Rylance has been associated with left-behind rural characters since his role as Johnny “Rooster” Byron, wood-dweller and local-council antagonist, in Jez Butterworth’s play Jerusalem, first performed at the Royal Court in 2010 to universal critical acclaim. Desperate, proud and loquacious, Rooster was a new face of the countryside in a time of environmental degradation, growing class division, increasing police powers, diminished economic and cultural opportunity and David Cameron’s “country suppers” with Rupert Murdoch’s henchwoman Rebekah Brooks. Rylance, a celebrated Shakespearean actor since his career began in the 1980s, and the first director of Shakespeare’s Globe from 1995-2005, has become representative of a form of national identity far more profound than the banality of the label of “national treasure”, perhaps afforded by a perspective informed by having partly grown up in Connecticut and Wisconsin. His performances, as well as his politics, issue from what seems to be a mystical communion with both the diverse founding myths of England and its contemporary challenges; work that has been recognised with an Academy Award, three BAFTAs, two Olivier Awards and three Tonys. He spoke to TANK about how Inland came to be, the fracture in culture’s relationship to nature, the politics of place, and dancing with 100 men.
Interview by Masoud GolsorkhiPhotography by Hannah Burton
MASOUD GOLSORKHI I thought it was a misprint when I read that Fridtjof Ryder was 22 years old. He’s shockingly young and a precocious talent. How did you come upon him?
MARK RYLANCE He dropped a script through the front door of my house.
MG So miracles like that do happen.
MR Not often. There are a lot of scripts that come through which I’m just too busy to consider, or within a few pages I see they haven’t really been developed enough. But in this case, it was the summer of the first year of the pandemic, about eight months into the pandemic. There was no work and I thought the script was really wonderful. I was surprised as well that he was only 20, at the time. I was lucky enough at that point not to need the money, so I thought, well, that sounds like it’d be fun, to go down to the countryside where he lives around Stroud, Gloucester, and make this film with these young people.
MG The character you play isn’t a mile off from Rooster, one of your most celebrated roles.
MR I did the film because I believed in it and in what Fridtjof was trying to do. But in the back of my mind, I also felt that the character I played in Jerusalem had been drawn from going down and interviewing and meeting people in the Wiltshire, Gloucestershire area, and I thought, well, maybe this has come to me as a way of me giving something back to that community, particularly to the young people in the West Country of England. I suppose I’m often thinking of harmony or balance. You get a lot of gifts, and it’s important to give back. When you give back then more gifts come your way, if you want to be selfish about it, but it’s more of a dance really.

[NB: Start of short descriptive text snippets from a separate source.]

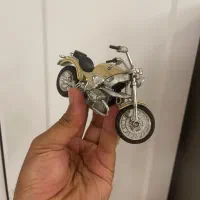 موتور bmw R1200c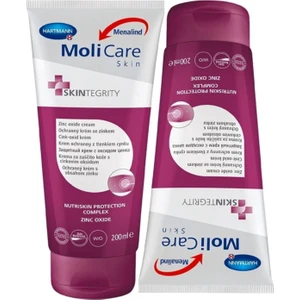 Molicare Skintegrity Cilt Koruyucu Krem 2 Adet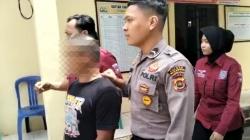 Jarang Dapat Jatah Istri, Pria di Merangin Tega Cabuli Ponakannya
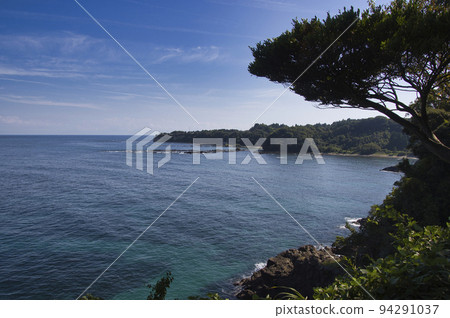 Sanctuary Cape (Cape Suzu) 石川縣鈴洲市 Sanctuary Cape (Cape Suzu) 石川縣鈴洲市 94291037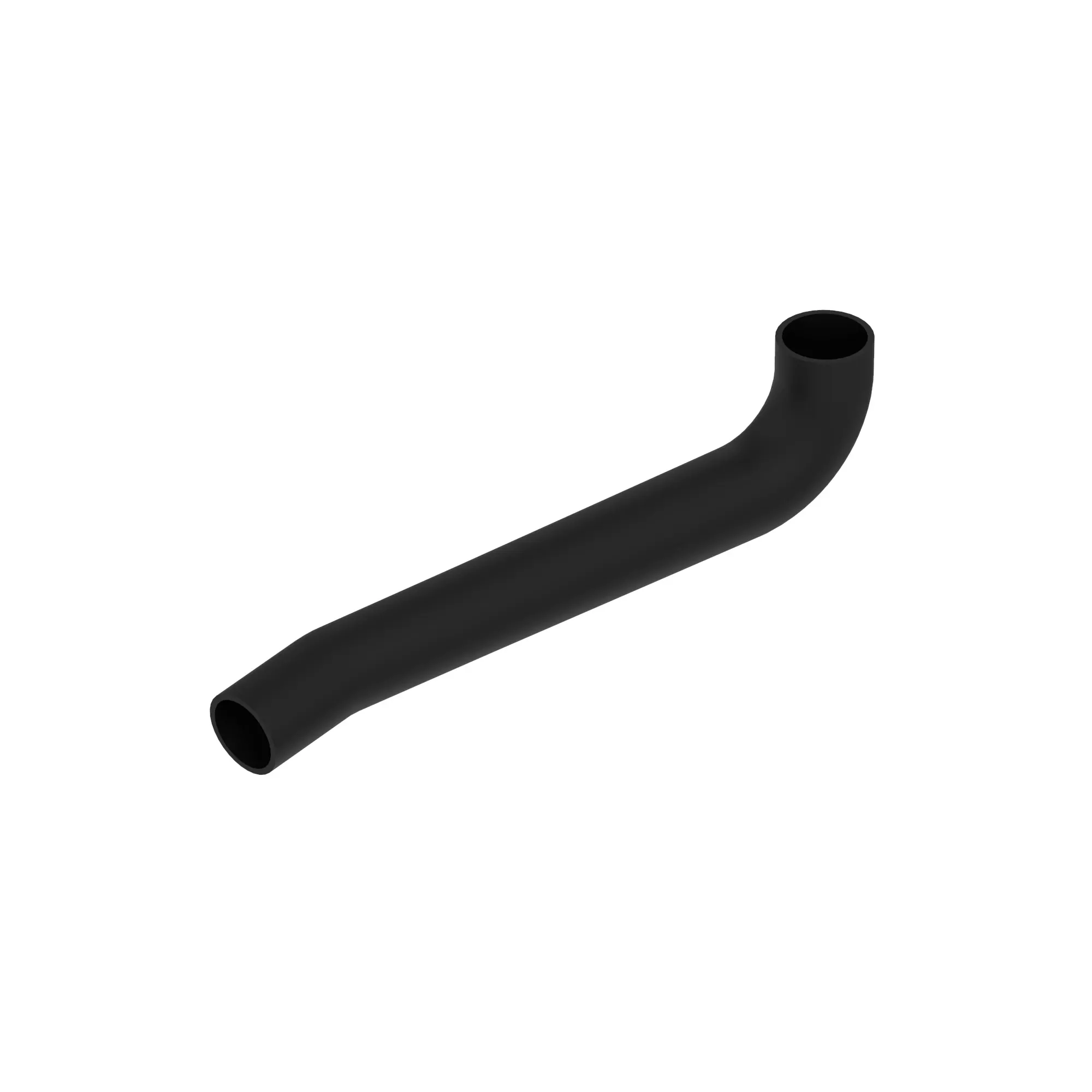John Deere Lower Radiator Hose - T214537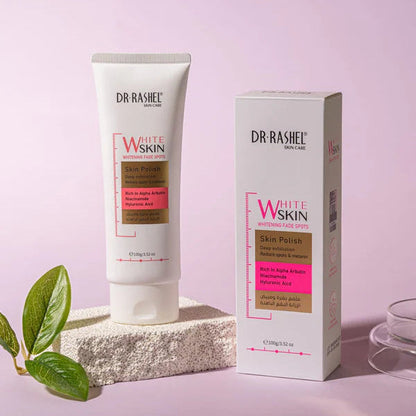 Dr Rashel Skin Care Whitening Fade Spot Skin Polish
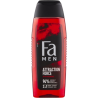 Fa Men sprchový gel 2v1 Attraction Force  250 ml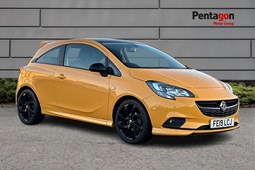 Vauxhall Corsa Hatchback (14-19) SRi VX-Line Nav Black 1.4i (75PS) 3d For Sale - Pentagon Vauxhall (Derby), Derby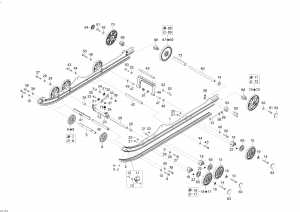 08-   (08- Rear Suspension)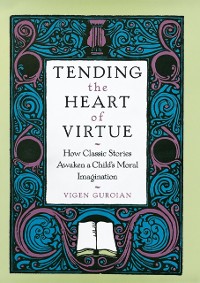 Cover Tending the Heart of Virtue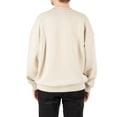 thumbnail image 4 of State of Mine Men's Destination Fleece Crewneck Sweatshirt, 4 of 9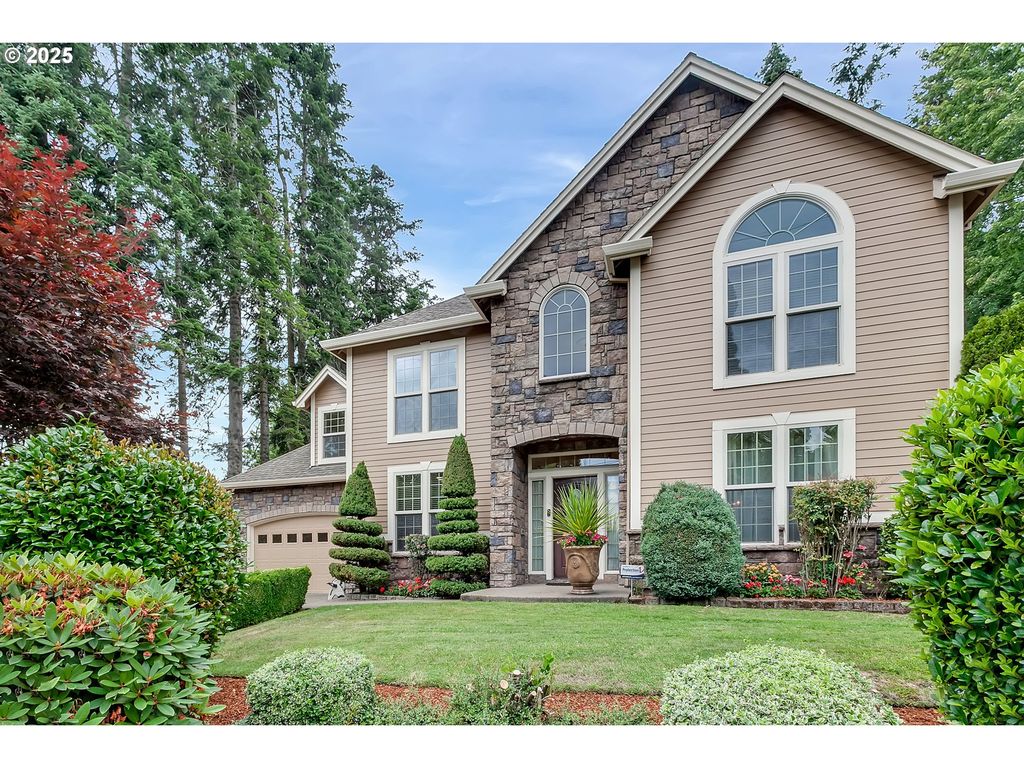 11075 Sw Cabot, Beaverton, OR 97005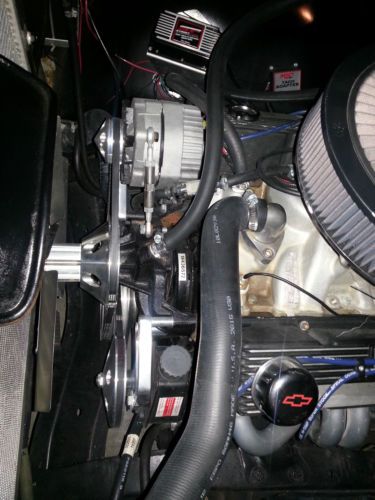 1967 Chevrolet C10 Step Side, US $15,500.00, image 8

MG You have a unique sensibility for reinterpreting masculinity, perhaps in a way not done since Marlon Brando. How does this version of masculinity, whether it’s in Dunkirk, Wolf Hall or Jerusalem, tap into masculinity in crisis?
MR Maybe I’m drawn to parts like that; it certainly feels like it when you speak about it that way. I do think the masculine archetype or the masculine side of European culture is attached to this concept, that we are separate from nature, that we are the gardeners in a beneficent way and the rulers and dominators in a more obviously incorrect way. Both are incorrect because we are a part of nature. That creates a lot of stress for the masculine and there’s a lot of people still chasing it with technology, with artificial intelligence, things that could be used in a more partnering way. I’m fearful that it’s going to be used to maintain this way of thinking about the world, and that’s going to cause enormous stress and harm. I don’t think I’d be drawn to a part that had a masculine aspect that wasn’t in some kind of crisis or change, because I think huge change is underway. The script would not ring true to me: I wouldn’t know how to play something I didn’t believe was true. For this young boy in Inland, my relationship with him as his mentor, father, uncle, carer, and his longing for a more intimate connection with his mother, who in a deep sense, is lost in the forest, that had a lot of meaning for me. It was something that I did a lot of work on in the 1990s. Robert Bly and Richard Olivier had a thing called the Wild Dance Movement, where 90 or 100 men would meet for 4 or 5 days with an Indigenous teacher who would work with us. It was about reconnecting the masculine and the feminine in a large, initiatory sense.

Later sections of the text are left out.